Educational outcomes racial residential segregation and


(25%)Educational outcomes, racial residential segregation, and education production functions

Following is a quote from an Op-Ed piece entitled “The High Cost of Low Teacher Salaries” that was in the April 30, 2011 issue of The New York Times.

“When we don’t get the results we want in our military endeavors, we don’t blame the soldiers. We don’t say, ‘It’s these lazy soldiers and their bloated benefits plans! That’s why we haven’t done better in Afghanistan!’ No, if the results aren’t there, we blame the planners. We blame the generals, the secretary of defense, the Joint Chiefs of Staff. No one contemplates blaming the men and women fighting every day in the trenches for little pay and scant recognition.

And yet in education we do just that. When we don’t like the way our students score on international standardized tests, we blame the teachers. When we don’t like the way particular schools perform, we blame the teachers and restrict their resources…

So every year 20 percent of teachers in urban districts quit.
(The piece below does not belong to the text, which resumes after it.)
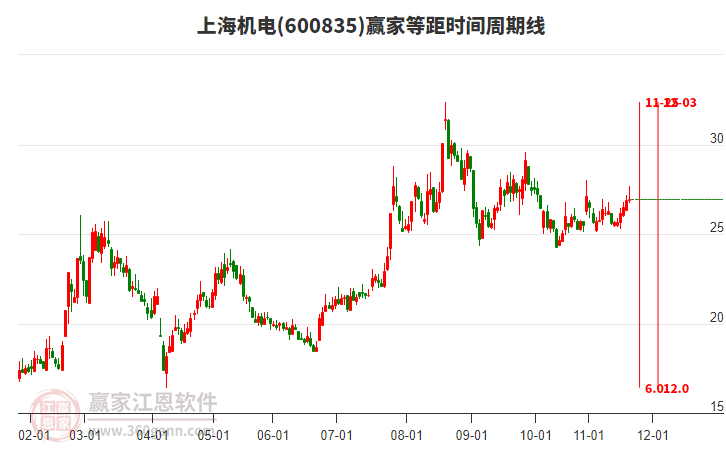 600835上海機電贏家等距時間周期線工具 600835上海機電贏家等距時間周期線工具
Nationwide, 46 percent of teachers quit before their fifth year.”

The authors then went on to argue that in order to improve educational outcomes, we should raise the pay of schoolteachers in order to attract and retain better-quality teachers.

Write an essay in which you lay out the education production function approach in detail, explain how this approach helps one understand the persistence of inequality in economic outcomes between blacks and whites, and assess the arguments in the Op-Ed piece as to the likely effectiveness of raising teacher pay as a method of improving educational outcomes of blacks.